- **Brief**
Up to and including the line with "Corgi Dog Christmas", reproduce the listing below exactly, beginning at its first line.

··· The input ···

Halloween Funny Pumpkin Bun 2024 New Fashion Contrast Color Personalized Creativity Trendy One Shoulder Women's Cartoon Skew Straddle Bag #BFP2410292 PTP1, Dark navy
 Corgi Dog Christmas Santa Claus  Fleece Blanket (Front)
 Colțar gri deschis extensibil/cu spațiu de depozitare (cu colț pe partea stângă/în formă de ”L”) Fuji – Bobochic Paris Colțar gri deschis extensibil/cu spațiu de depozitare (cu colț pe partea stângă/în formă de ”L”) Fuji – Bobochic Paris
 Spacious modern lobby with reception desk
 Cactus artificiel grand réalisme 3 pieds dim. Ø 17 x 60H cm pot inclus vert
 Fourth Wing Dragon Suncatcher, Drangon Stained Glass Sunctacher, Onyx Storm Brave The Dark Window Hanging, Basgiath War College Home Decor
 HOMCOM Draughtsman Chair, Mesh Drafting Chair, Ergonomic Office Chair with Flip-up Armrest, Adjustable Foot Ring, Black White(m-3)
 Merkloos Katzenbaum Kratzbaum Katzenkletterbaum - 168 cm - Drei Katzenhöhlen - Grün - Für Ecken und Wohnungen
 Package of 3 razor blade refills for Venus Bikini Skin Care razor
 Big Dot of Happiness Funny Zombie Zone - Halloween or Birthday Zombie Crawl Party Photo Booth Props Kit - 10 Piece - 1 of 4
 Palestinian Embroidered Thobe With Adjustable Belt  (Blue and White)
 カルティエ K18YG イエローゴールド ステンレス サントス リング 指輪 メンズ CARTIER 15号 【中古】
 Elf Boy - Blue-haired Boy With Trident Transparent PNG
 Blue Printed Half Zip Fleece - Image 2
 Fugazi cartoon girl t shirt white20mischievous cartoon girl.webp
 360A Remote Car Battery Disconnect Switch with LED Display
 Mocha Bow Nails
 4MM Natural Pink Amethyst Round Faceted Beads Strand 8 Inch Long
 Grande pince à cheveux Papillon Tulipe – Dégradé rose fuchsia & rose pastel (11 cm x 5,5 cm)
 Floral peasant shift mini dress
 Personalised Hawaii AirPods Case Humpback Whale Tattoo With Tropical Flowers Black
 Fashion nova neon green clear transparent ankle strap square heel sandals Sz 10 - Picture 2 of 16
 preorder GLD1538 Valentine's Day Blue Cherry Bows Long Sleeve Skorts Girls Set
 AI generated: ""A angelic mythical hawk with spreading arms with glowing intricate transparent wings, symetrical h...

···

- **Response**
Halloween Funny Pumpkin Bun 2024 New Fashion Contrast Color Personalized Creativity Trendy One Shoulder Women's Cartoon Skew Straddle Bag #BFP2410292 PTP1, Dark navy
 Corgi Dog Christmas Santa Claus  Fleece Blanket (Front)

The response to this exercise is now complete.